We analyzed 11 randomly selected, differentially expressed genes by quantitative real-time reverse transcription PCR (qRT-PCR). Specifically, cDNA was prepared using SuperScript III (Invitrogen, MA, USA) and random primers from pooled RNA of 4 resistant or 4 susceptible mosquitoes, and three biological replicates were used. The qRT-PCR reactions were performed in a 7300 FAST Real-Time PCR System (ABI, Foster City, CA, USA) and analyzed using the rpS7 (ribosomal protein 7) gene as internal control [35]. All the qPCR primers used in this study are shown in S2 Table. Expression levels were then calculated against control mosquitoes as a calibrator using the 2^-ΔΔCt method with CFX Manager Software (CFX Manager 3.1, BioRed, USA). The Pearson correlation coefficient was calculated between fold changes in transcript accumulation levels between resistant and susceptible mosquitoes, as obtained by qRT-PCR and RNA-seq, respectively.

RNAi analysis

RNAi analysis used a laboratory-selected deltamethrin-resistant population (Lab-DR strain). Briefly, larvae from a laboratory Foshan strain of Ae. albopictus were bioassayed to determine the 50% lethal concentration (LC₅₀), following the WHO standard method [34]. This bioassay measured larval mortality after 24 hr of exposure to 5 concentrations of deltamethrin, each concentration in three replicates. The Lab-DR strain was selected from the larvae of the Foshan strain, using 0.001 mg/L of deltamethrin) as the starting concentration, and gradual increments of deltamethrin concentrations for 10 generations. The 10^th generation selection used a 0.015 mg/L concentration of deltamethrin. The WHO insecticide susceptibility tube test on Lab-DR adults found an 89% mortality rate, indicating modest resistance.

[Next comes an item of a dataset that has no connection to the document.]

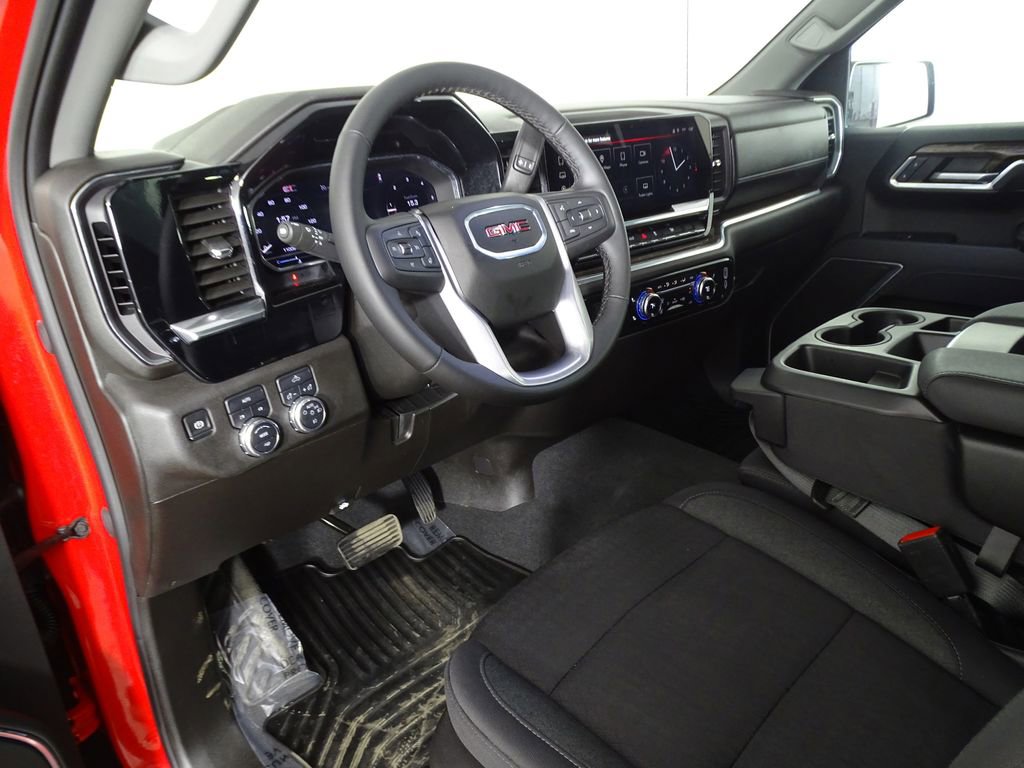 Used 2025 GMC Sierra 1500 Elevation image 20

RNAi analysis was conducted in both adult mosquitoes and larval mosquitoes with 3 highly differentially expressed genes. For adult mosquito RNAi, 3-day post-emergence Lab-DR mosquitoes was randomly selected and divided into control group or RNAi groups. For each of the three RNAi groups, 500ng siRNA duplex (siRNACYP6A8, siRNA01931, or siRNA00656) was microinjected into a female mosquito thorax (S2 Table). For the control group, a siRNA duplex lacking significant sequence homology to any genes in the Ae. aegypti genome, siRNA_C, was injected (S2 Table). All siRNAs were synthesized by IDT Technologies (Coralville, IA, USA). After the injection, mosquitoes were allowed to recover in a cup and maintained with 8% sucrose. An overall 16% mortality was observed 24 hr after the injection. Forty-eight hours after injection, gene knockdown efficiency was examined in 12 randomly selected individuals in each injection group using qRT-PCR, and its impact on mosquito resistance was determined using a standard WHO insecticide susceptibility tube test with 0.05% deltamethrin. For each gene, RNAi-treated female mosquitoes 48 hr after injection underwent the WHO insecticide susceptibility bioassay, with 20–25 mosquitoes per replicate for a total of 5 replicates per group [36]. Control group and RNAi groups were tested simultaneously.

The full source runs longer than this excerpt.